Another gust brought him back to the present, and he looked around. He wasn't too far from a cave system. He could smell the warmth, or relative warmth, warm enough to support some minimal amount of life anyway. It took some time to reach the nearest cave enterance; his muscles were seizing up. The second he got out of the cold, he sighed in relief. Now to get some food.

He ate the little thing raw, no flint left for a fire, and tossed the bones when his nose flared with an all too familiar scent. He snarled, whipping around to come face to face with the one person he despised the most, the only other person who could survive in these temperatures without serious repercussions.

"Runt," he hissed. "What?

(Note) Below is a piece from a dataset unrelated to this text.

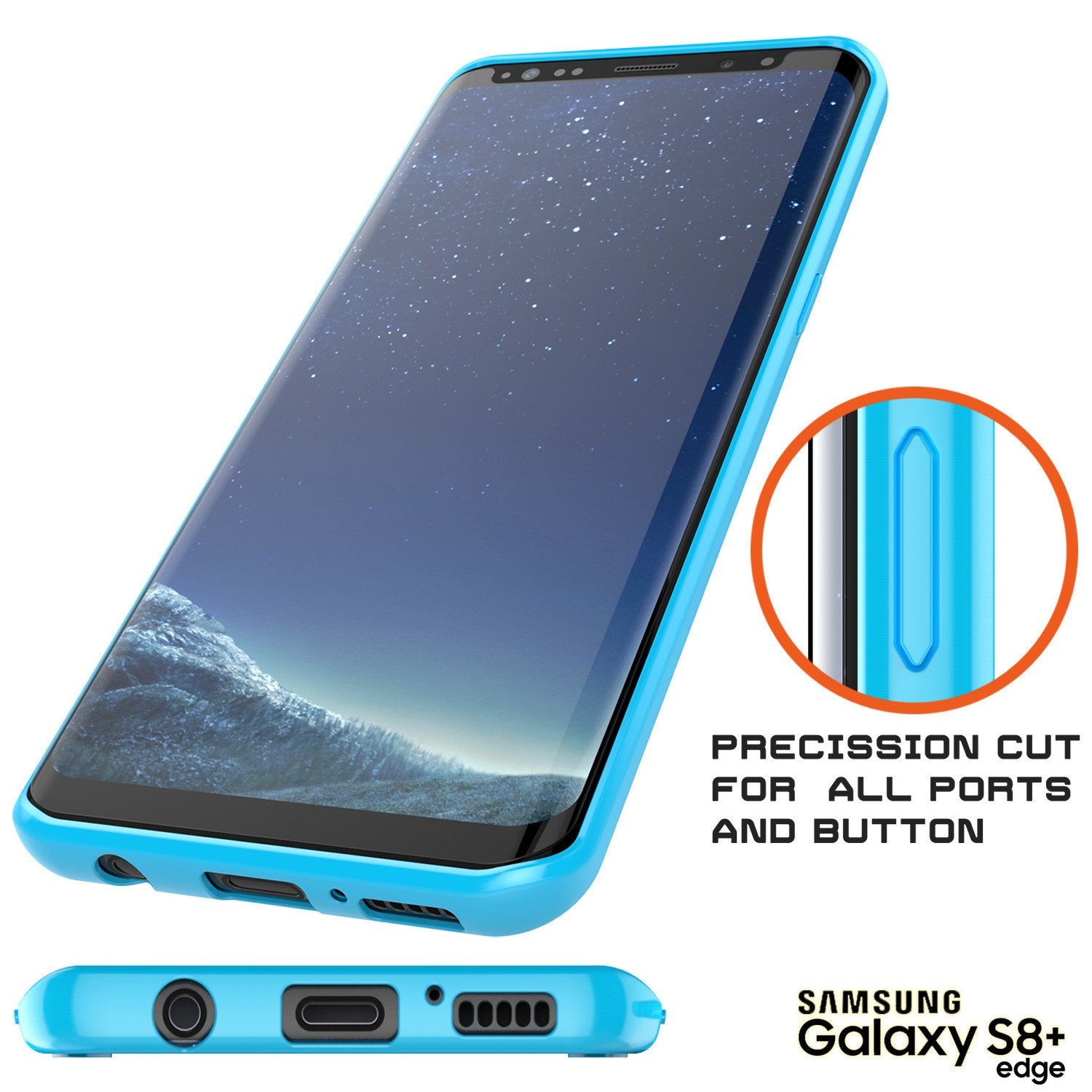 Capa S8 Plus Punkcase® LUCID 2.0 série Azul Claro com Protetor de Tela PUNK SHIELD | Ultra Fit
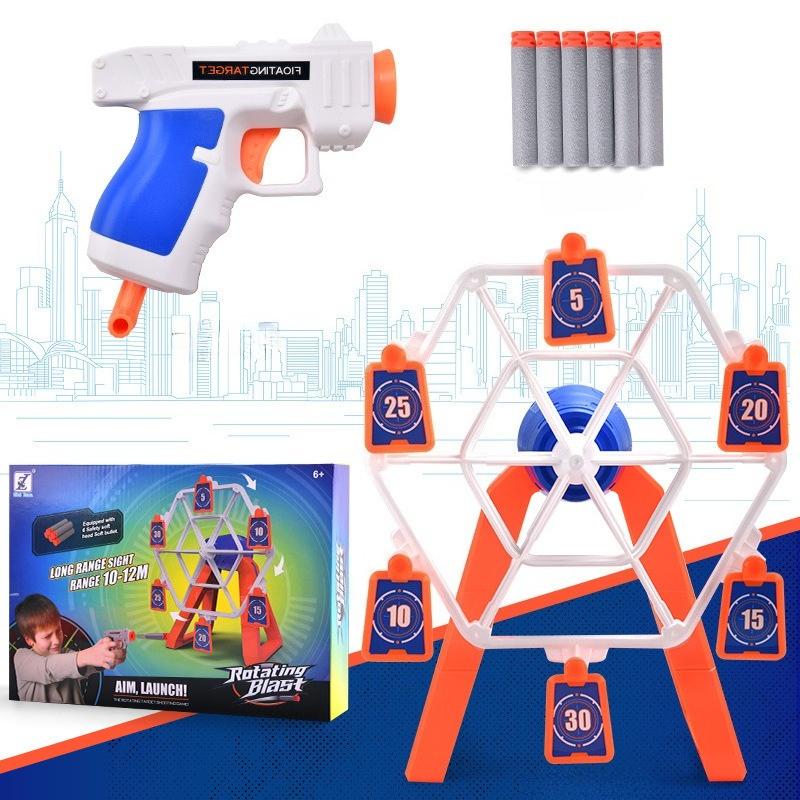Soft Bullet Toy Gun Electric Rotating Target Manual Gun Pistol Toy Target Toy Set Sport Toy Gun Gift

The world not big enough for you?"

Wolverine just shook his head and moved farther into the cave. "I've been looking for you, Victor," he said.

"Don't call me that," he hissed back.

"Well, I can't really call you Sabertooth at the wedding," Wolverine replied just as calmly as before.

Sabertooth gave a gruff laugh. "You proposing now, runt?" he asked. "I never pegged you as the incest type."

Wolverine only shook his head. "I mean I'm getting married," he explained, "to a shadowmorph named Aria."

"Why should that concern me?" Sabertooth growled. He hadn't thought of the man as his father in decades, but for some reason it stung like hell that he was remarrying. It wasn't his mother's fault she wasn't a healer.

For a long time, Wolverine only stared at the cave wall. Sabertooth considered cuffing him one, just to see if he was still awake, but he turned back.

"Julian's been gone a long time," he whispered. "Believe me or not, but I've mourned for her as much as you have. That was twenty years ago. It's time to move on. Aria makes me feel like I belong again, and I was hoping…well…we were hoping, you could feel that way too." He finished softly, as if waiting for Sabertooth to yell at him.

He really wanted to. He wanted to swear, and shout, and tell the runt what a dirtbag he was, and all the other things he always said, but something stopped him. "What do you mean?" he asked instead.

"Aria and I want you to come live with us," Wolverine said. "We want you to be part of our family."

"What?" As hard as he tried not to, Sabertooth took a step back, eyes wide. After a moment of staring he realized his mouth was hanging open. Firmly he clamped it shut.

"I'm not saying it'd be easy," Wolverine told him. "I'm just saying you deserve a family."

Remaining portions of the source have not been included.